From: Niu Yawei <yawei.niu@intel.com>

Umount process relies on lu_site_purge(-1) to purge all
objects before umount, however, if there happen to have a
cache shrinker which calls lu_site_purge(nr) in parallel,
some objects may still being freed by cache shrinker even
after the lu_site_purge(-1) called by umount done.

This can be simply fixed by serializing purge threads,
since it doesn't make any sense to have them in parallel.
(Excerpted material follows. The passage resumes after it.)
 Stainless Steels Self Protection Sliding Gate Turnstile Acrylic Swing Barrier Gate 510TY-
Signed-off-by: Niu Yawei <yawei.niu@intel.com>
Intel-bug-id: https://jira.hpdd.intel.com/browse/LU-5331
Reviewed-on: http://review.whamcloud.com/11099
Reviewed-by: Lai Siyao <lai.siyao@intel.com>
Reviewed-by: Mike Pershin <mike.pershin@intel.com>
Reviewed-by: Oleg Drokin <oleg.drokin@intel.com>
Signed-off-by: James Simmons <jsimmons@infradead.org>
---
 drivers/staging/lustre/lustre/include/lu_object.h  |    5 +++++
 drivers/staging/lustre/lustre/obdclass/lu_object.c |    7 +++++++
 2 files changed, 12 insertions(+), 0 deletions(-)
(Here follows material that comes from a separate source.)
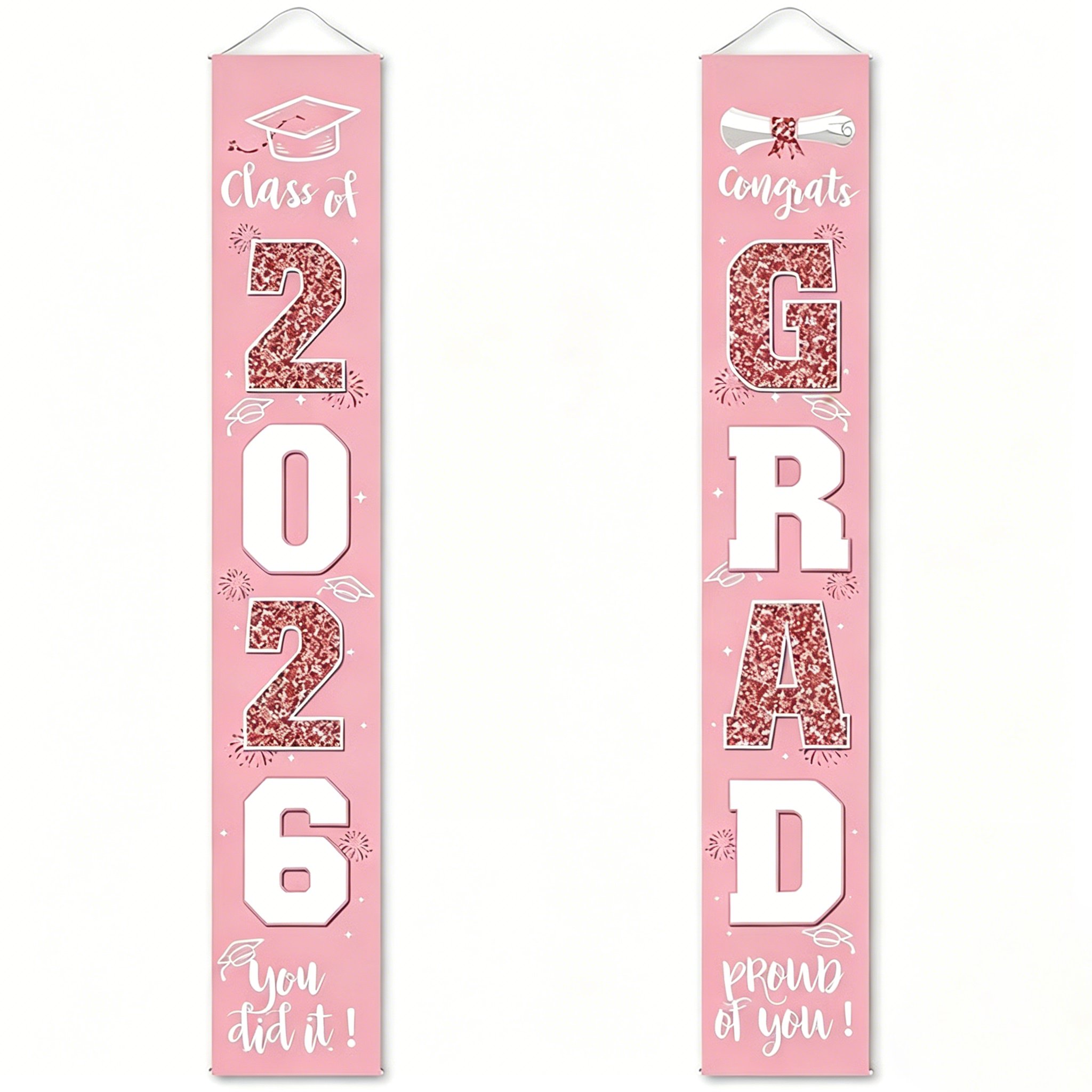 🔥LAST DAY 50% OFF - 🎓Class of 2026 Graduation Banner | Congrats Grad Front Door Porch Decor for Graduation Party (✨Set of 2)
diff --git a/drivers/staging/lustre/lustre/include/lu_object.h b/drivers/staging/lustre/lustre/include/lu_object.h
index 502bc41..fe40b42 100644
--- a/drivers/staging/lustre/lustre/include/lu_object.h
+++ b/drivers/staging/lustre/lustre/include/lu_object.h
@@ -623,6 +623,11 @@ struct lu_site {
 	spinlock_t		ls_ld_lock;
 
 	/**
+	 * Lock to serialize site purge.
+	 */
+	struct mutex		ls_purge_mutex;
+
+	/**
 	 * lu_site stats
 	 */
 	struct lprocfs_stats	*ls_stats;
diff --git a/drivers/staging/lustre/lustre/obdclass/lu_object.c b/drivers/staging/lustre/lustre/obdclass/lu_object.c
index 9d1c96b..b6fd9af 100644
--- a/drivers/staging/lustre/lustre/obdclass/lu_object.c
+++ b/drivers/staging/lustre/lustre/obdclass/lu_object.c
@@ -354,6 +354,11 @@ int lu_site_purge(const struct lu_env *env, struct lu_site *s, int nr)
 	start = s->ls_purge_start;
 	bnr = (nr == ~0) ? -1 : nr / CFS_HASH_NBKT(s->ls_obj_hash) + 1;
  again:
+	/*
+	 * It doesn't make any sense to make purge threads parallel, that can
+	 * only bring troubles to us. See LU-5331.
+	 */
+	mutex_lock(&s->ls_purge_mutex);
 	did_sth = 0;
 	cfs_hash_for_each_bucket(s->ls_obj_hash, &bd, i) {
 		if (i < start)
@@ -399,6 +404,7 @@ int lu_site_purge(const struct lu_env *env, struct lu_site *s, int nr)
 		if (nr == 0)
 			break;
 	}
+	mutex_unlock(&s->ls_purge_mutex);
 
 	if (nr != 0 && did_sth && start != 0) {
 		start = 0; /* restart from the first bucket */
@@ -983,6 +989,7 @@ int lu_site_init(struct lu_site *s, struct lu_device *top)
 	char name[16];
 
 	memset(s, 0, sizeof(*s));
+	mutex_init(&s->ls_purge_mutex);
 	snprintf(name, 16, "lu_site_%s", top->ld_type->ldt_name);
 	for (bits = lu_htable_order(top); bits >= LU_SITE_BITS_MIN; bits--) {
 		s->ls_obj_hash = cfs_hash_create(name, bits, bits,
-- 
1.7.1